Firm Settles FINRA Charges for Non-Traditional ETF Supervisory Failures

A firm settled FINRA charges for failing to maintain a supervisory system reasonably designed to oversee recommendations of leveraged and inverse exchange-traded funds.

According to the AWC, the firm failed to detect 47 instances where representatives recommended daily-reset Non-Traditional ETFs to retail customers that were potentially not in the customers' best interest. FINRA noted that customers held positions beyond the intended single-day holding period, with one customer holding a position for 630 days.
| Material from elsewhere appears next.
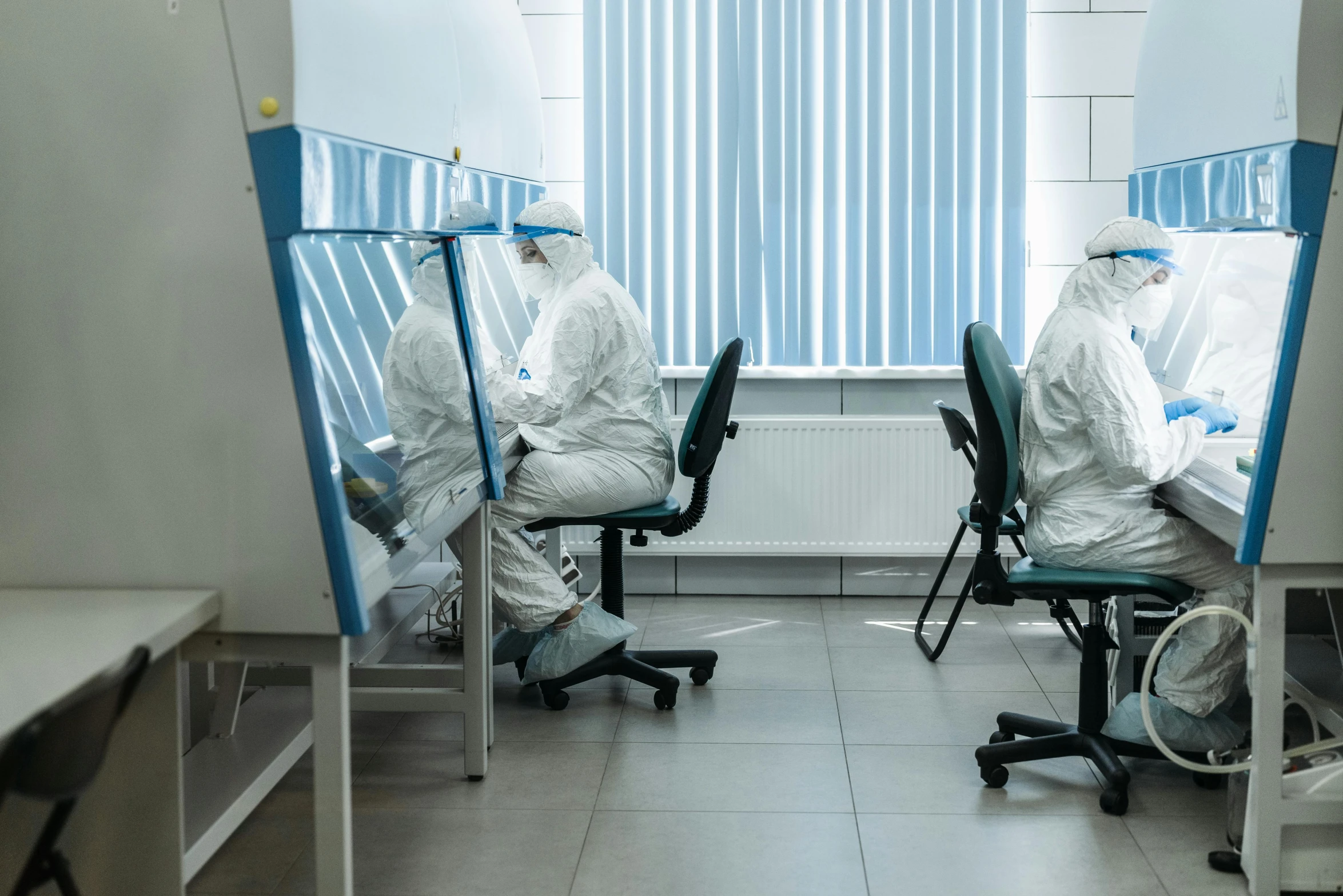 a group of people sitting at desks in a room, by Adam Marczyński, shutterstock, private press, staff wearing hazmat suits, wearing a lab coat, isolation, unedited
FINRA found that the firm’s procedures did not describe methods for supervisors to identify improper recommendations and failed to implement tools, such as alerts or exception reports, to detect recommendations that potentially violated the firm's best interest obligations. FINRA found that although the firm cautioned representatives to consider holding periods, it lacked any system to verify if representatives actually considered them. FINRA also found that the firm failed to provide training to its representatives or supervisors regarding the terms, features, and risks of Non-Traditional ETFs, despite regulatory guidance regarding the effects of compounding over extended periods.
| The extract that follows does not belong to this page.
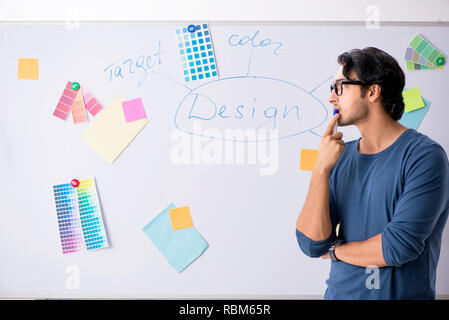 Young handsome designer working at the project Stock Photo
As a result, FINRA determined that the firm failed to establish written policies and procedures adequately tailored to the supervision of Non-Traditional ETFs.

FINRA determined the firm violated Exchange Act Rule 15l-1(a)(1) ("Regulation Best Interest") and FINRA Rules 3110 ("Supervision") and 2010 ("Standards of Commercial Honor and Principles of Trade").

To settle these charges, the firm agreed to a censure, a $25,000 fine, and restitution of $20,571.29 plus interest. The firm also adopted procedures prohibiting its representatives from recommending Non-Traditional ETF purchases.